Today we’ll look at a pair of drills using classmates on the border of the sparring ring where they will be playing the role of innocent bystanders. These drills reinforce the awareness needed when defending yourself against an attacker in a crowded environment. In a sparring match, it’s easy to run out of the ring and not give it a second thought. By having actual people at the border it makes you pay more attention to the boundaries. These drills also introduce negative consequences to making contact with the bystanders, which will affect the participants’ mindsets as well.
Innocent Bystander Sparring
In this drill two participants spar while everyone else plays a bystander. In the easier version, the bystanders stand around the perimeter of the ring. If a participant bumps into or makes any kind of contact with a bystander they lose a point.
This drill reinforces awareness and especially control. The fear of injuring an innocent bystander is something we don’t often think about when training, but it is very important. This really teaches you to look before you move. As a strategy you can play the bully and try to force you opponent into the bystanders.
You can also tweak this drill for more difficulty by having the bystanders stand throughout the ring, not just on the borders. Another way is to allow the bystanders to move around instead of staying stationary.
Angry Bystander Sparring
This drill builds on the previous one by having the bystanders be “angry.” If they are bumped by a participant, they will begin to attack that participant! This can cause the situation to escalate from a 1 on 1 match to being outnumbered very quickly!
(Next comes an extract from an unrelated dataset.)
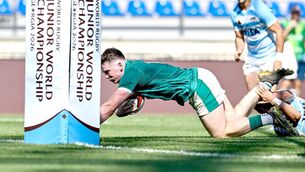 <p>Jack Deegan scores Ireland's third try against Argentina at the 2026 World Rugby Junior World Championship in Georgia Photo: ©INPHO/Levan Verdzeuli</p> <p>Jack Deegan scores Ireland's third try against Argentina at the 2026 World Rugby Junior World Championship in Georgia Photo: ©INPHO/Levan Verdzeuli</p>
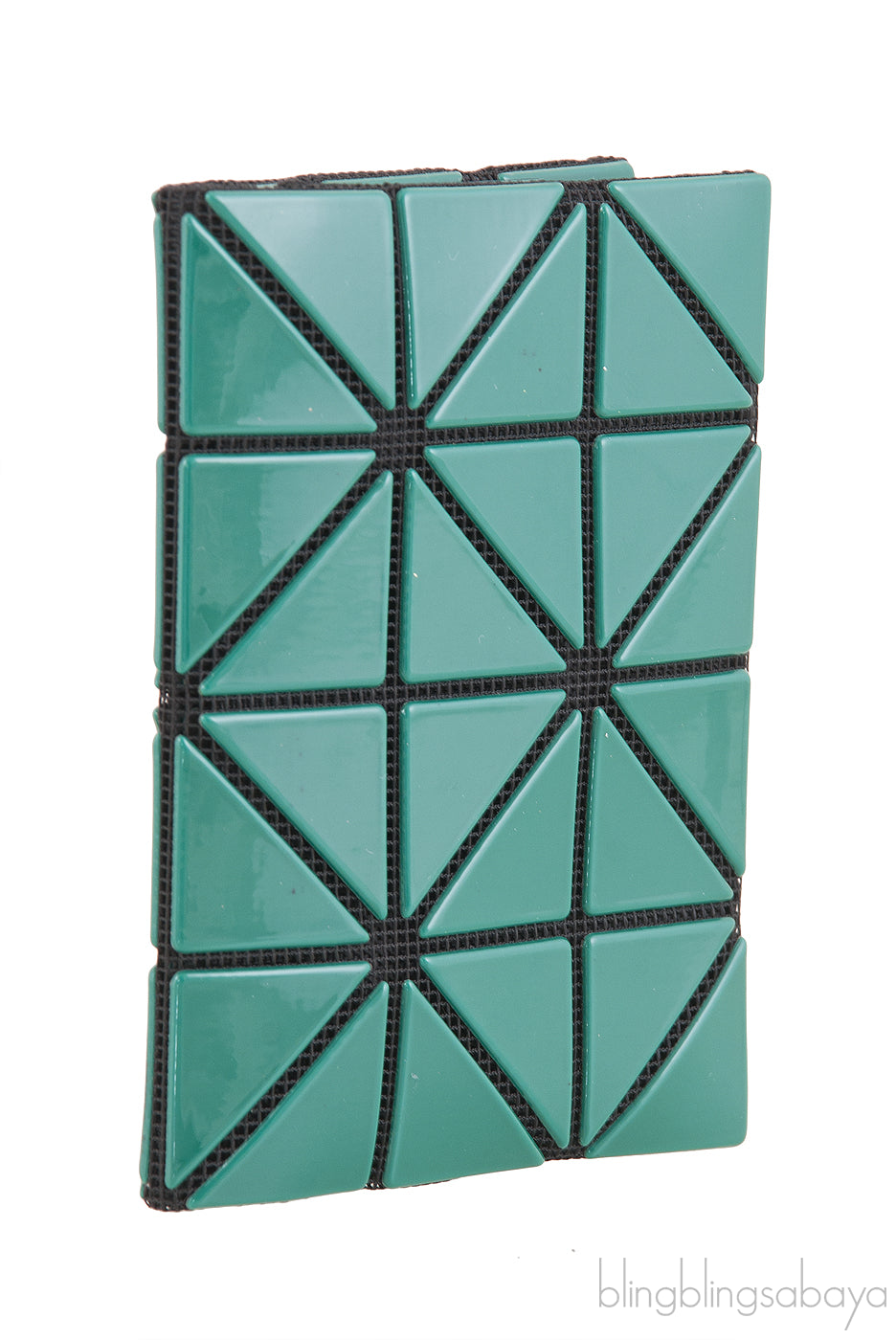 Emerald Geometric Card Holder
This drill teaches the same skills as the previous, but it adds the headache of multiple attackers into the mix. I suggest trying the Innocent Bystanders drill first and building up to this one. Make sure everyone maintains good control and that the drill doesn’t devolve into a chaotic slugfest!
Fight the Tunnel Focus!
It’s easy to only see your opponent, and in tournaments and class that’s mostly okay. Just remember that if you need to defend yourself you’ll need to always be aware of your surroundings. One wrong move and you might anger a stranger who will be more than happy to help out your attacker. Remember, the best move isn’t the one that hits your opponent the hardest, it’s the one that leaves you in a better position than where you started!